Non assediati ma assedianti
C’è un punto, durante il corteo, in cui hai la sensazione opposta a quella che ti aspetteresti. Gli antifascisti parigini sparano petardi, provano a forzare i cordoni della gendarmeria, tentano invano di arrivare a contatto con un corteo che molto probabilmente li avrebbe rispediti indietro con qualche ricordino indelebile. Ma è proprio in quel momento che capisci che non siamo noi quelli accerchiati. Siamo noi a premere, a creare spazi, a conquistare metri di significato in una città che credeva di averci cancellati. Siamo noi a tracciare il perimetro, a forzare l’attenzione, a costringere chi ci disprezza a vederci e reagire in maniera scomposta.
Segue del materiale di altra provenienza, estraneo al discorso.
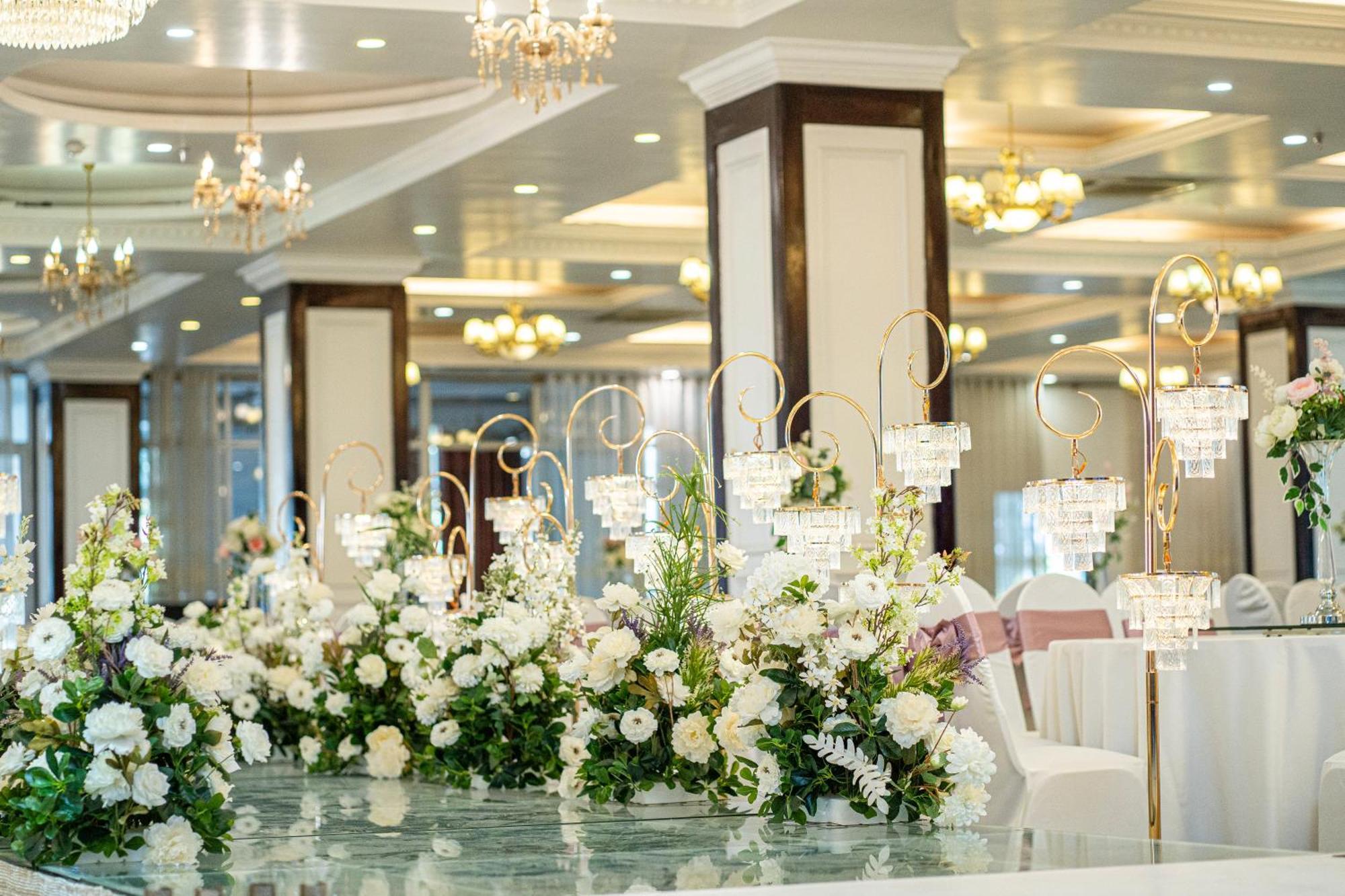 May Plaza Hotel Thái Nguyên 외부 사진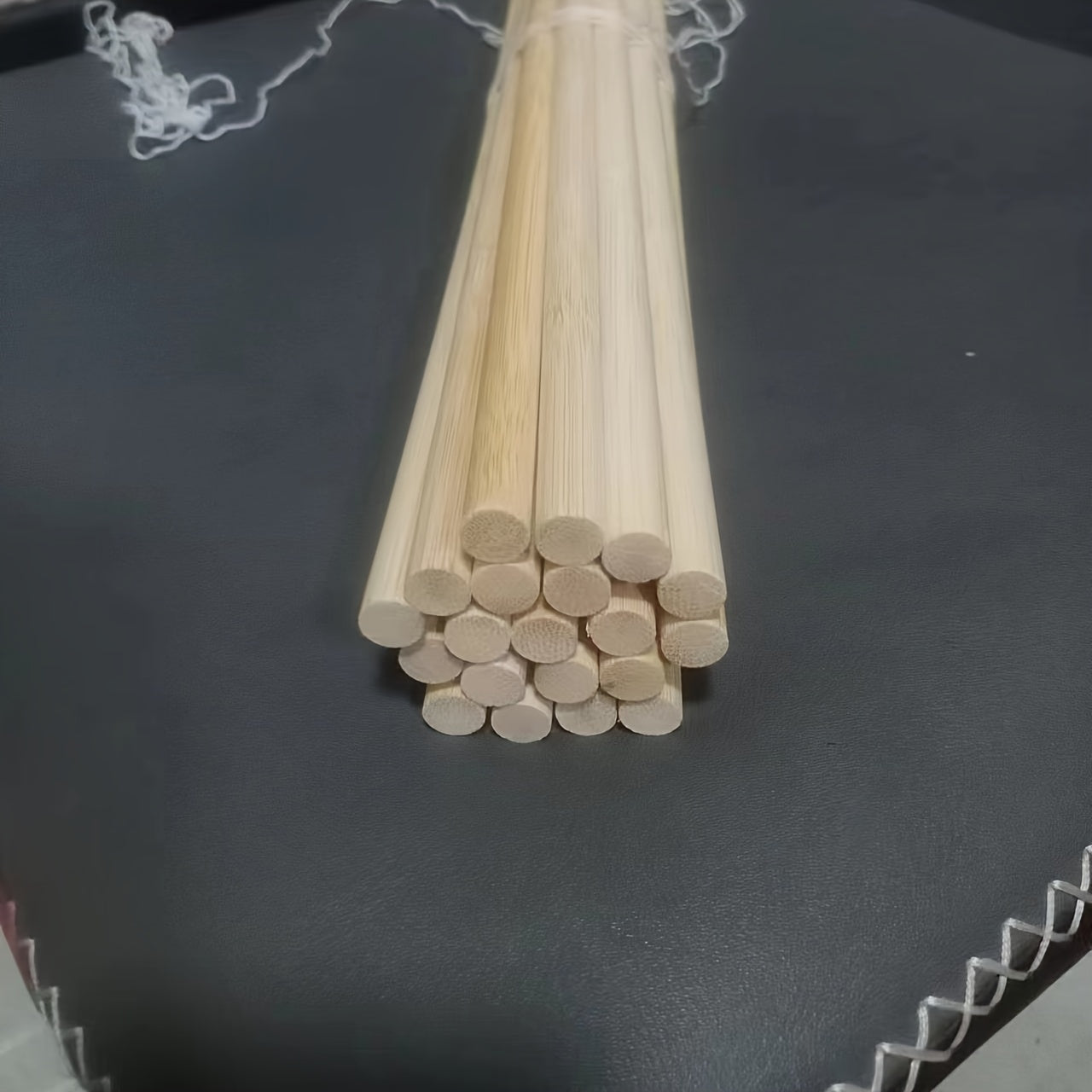 Bamboo Building Model Materials
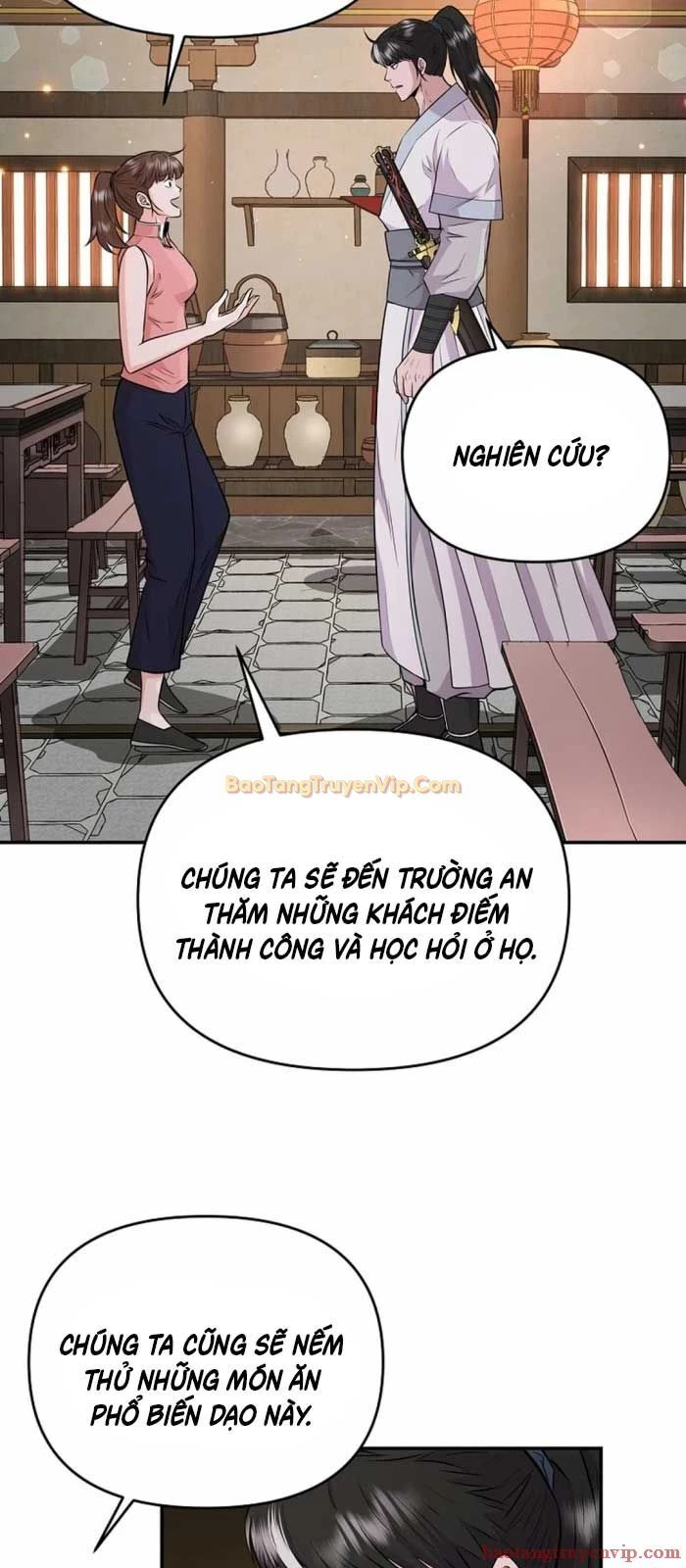 Thiên hạ đệ nhất côn luân khách điếm Chapter 10 - 14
Camminando, creiamo uno spazio che prima non c’era, e che da quel momento in poi non può più essere ignorato. In fondo, è lo stesso spirito che anima le marce del 7 gennaio a Roma o le commemorazioni milanesi per Sergio Ramelli: la presenza come forma di libertà. Non si tratta di numeri, di sigle, di visibilità mediatica. Si tratta di esserci. Di affermarsi senza chiedere il permesso. Di prendersi il diritto di esistere, in mezzo a un mondo che preferirebbe voltarsi dall’altra parte.
Abbassate le serrande che noi siamo ancora qui
“Quanta gente già sperava di non rivederti più / Abbassate le serrande che noi siamo ancora qui, ancora qui, ancora qui!”. Cantavano così gli Intolleranza nel 1995, pochi mesi dopo la morte di Deyzieu. È una profezia realizzata. Siamo ancora qui. Nessun partito ci rappresenta. Nessuna istituzione ci accoglie. Ma ci siamo. E il fatto stesso di esserci è già una forma di vittoria. In un’epoca incorporea fatta di simulacri e apparizioni digitali, i nostri piedi, le nostre mani e i nostri cuori sono il miglior antidoto alla cancellazione. E così, ancora una volta, anche questo maggio – come ogni maggio – la memoria ha camminato. Forte. Dritta. Viva.